This scenario isn’t as far-fetched – or as far off – as it might once have seemed. In this case, the scientists in question are digital doctors: computer programmers developing the software needed to create a photorealistic digital actor, or ”synthespian.” Special-effects wizards have already created convincing digital dinosaurs and dolls, aliens and ants, stuntmen and superheroes. And the two biggest box office draws of the moment – The Mummy and a certain prequel that unfolds in a galaxy far, far away – showcase digital creatures.
So why not digital humans? Why not virtual stars?
”The digital actor has been the Holy Grail forever, since the dawn of 3-D computer animation,” says Brad Lewis, executive producer of visual effects and vice president of Pacific Data Images, the firm that gave life to insects in Antz. ”There’s always been someone trying to do a hand or a face or some aspect of a human being that looked real.”
Some say realistic digital humans will be on-screen within the next five years. These synthespians could be brand-new characters or reincarnations of old legends, long cold in the grave. One Hollywood producer, for instance, is planning a film that would resurrect martial-arts phenomenon Bruce Lee; another is reportedly working on a digital version of an aging screen star (rumored to be Marlon Brando), restoring his youth and making him a contender for a manly role.
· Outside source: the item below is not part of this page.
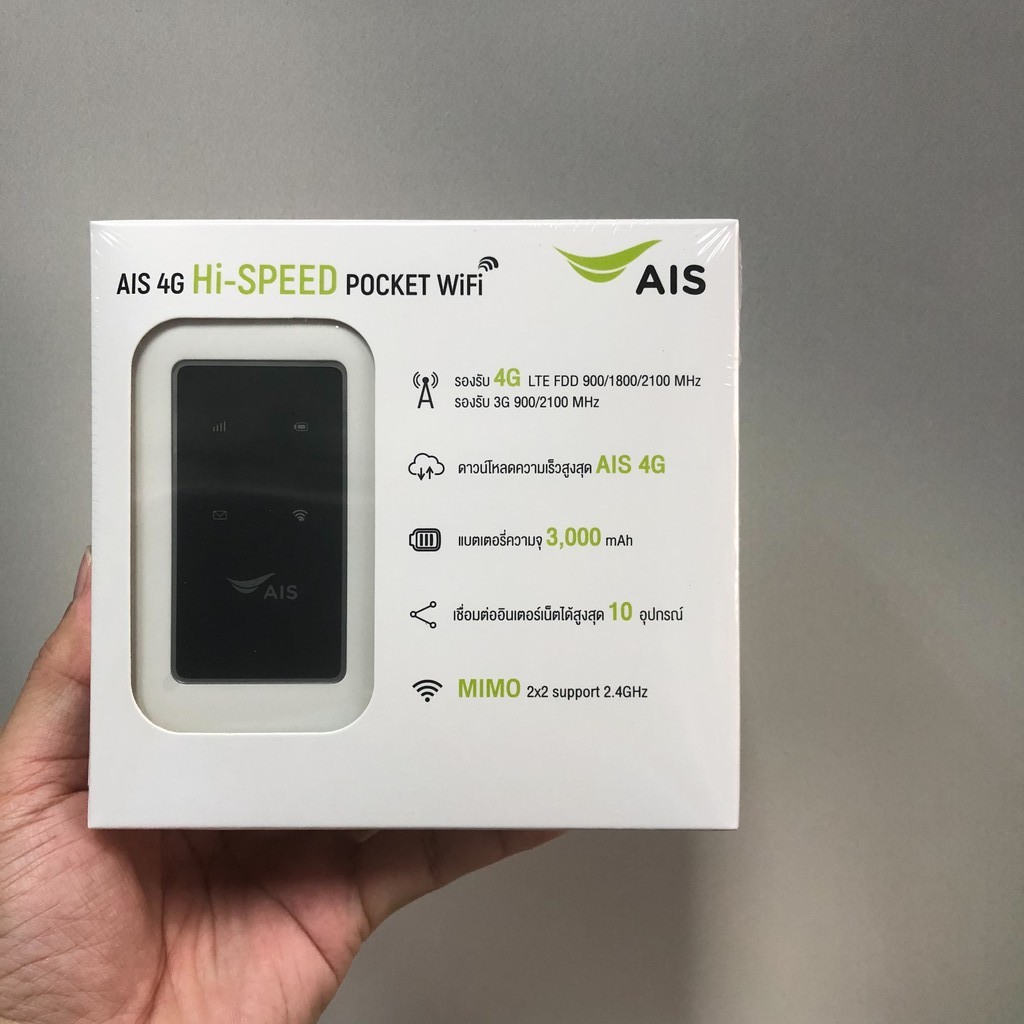 Pocket Wifi AIS ใช้ทำงานและเรียนOOนไลน์ได้สูงสุดถึง 10 อุปกรณ์พร้อมกัน ...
Another producer got permission to re-create the late George Burns in a film called The Best Man, and a California firm, Virtual Celebrity Productions, has obtained the rights to digitally reproduce a handful of stars, including Marlene Dietrich and W. C. Fields.
Hang on. Did I read that correctly? W.C. Fields? I can understand how Dietrich’s pictorial stillness might translate relatively easily to a digital avatar, but is there anyone less suited to a CGI resurrection by the pixel pixies than W.C. Fields?! Well, they gave it a go a few years back with the Gepetto software (nice puppet reference, there) for real-time 3D animation. I can’t say the results were ever going to replace the memory of the real thing, but that’s not really the point. These rumours and promises build anticipation, expectation, and a sense that something is at stake. The defiance of death, age and human inadequacies is just a cover story for the real business of special effects.
Look at the Curious Case of Benjamin Button. The stated aims of the film, in which Brad Pitt’s character ages “backwards”, might be to integrate visual effects so seamlessly that they don’t distract from the character-driven, Oscar-baiting emotional truth of it all, but there’s no getting away from the fact that, by centralising the concept of a spectacular body like Benjamin’s, a magnet for diegetic and extra-diegetic curiosity, the film can’t help but draw attention to the visual effects used to achieve the concept’s visualisation. Pitt’s body becomes a laboratory for all kinds of tricksy bits of CG animation and performance capture, and there’s a complex connection between the fascinated gaze that attaches to the character’s condition, and the one that fixes on the image of a movie star transformed into a recognisable but fundamentally changed series of physiques by means of cinematic tricks. When Benjamin strikes muscleman poses in the mirror, it’s as much about technological display as it is about his own narcissistic enjoyment. The discourses around the futuristic capabilities of digital imaging technologies shape expectations about how a particular special effect is to be viewed and appreciated. There’s an element of promotional hype in play, but by providing a set of measurable goals and projected rationales, the impression given is that special effects are contributing to a worthwhile cause with a pre-determined path, instead of offering random and occasional attractions; it all makes sure that you stay interested, and keep buying a ticket for the next attraction, and then the next. Special effects, like movie stars, exist intertextually – they provide reassuring continuities: we are expected to keep watching how they develop from film to film, how each is an improvement upon the last – so it makes sense that a certain weight of expectation should hand on the predicted hybrid of a special effects movie star, an all-digital, perhaps artificially intelligent character actor who passes for flesh and blood before your very eyes. But to truly deliver on that promise to deceive would defeat the object of the special effect, which was to attract and hold that multi-focus spectatorial gaze. What’s the use of a spectacular attraction if nobody notices it?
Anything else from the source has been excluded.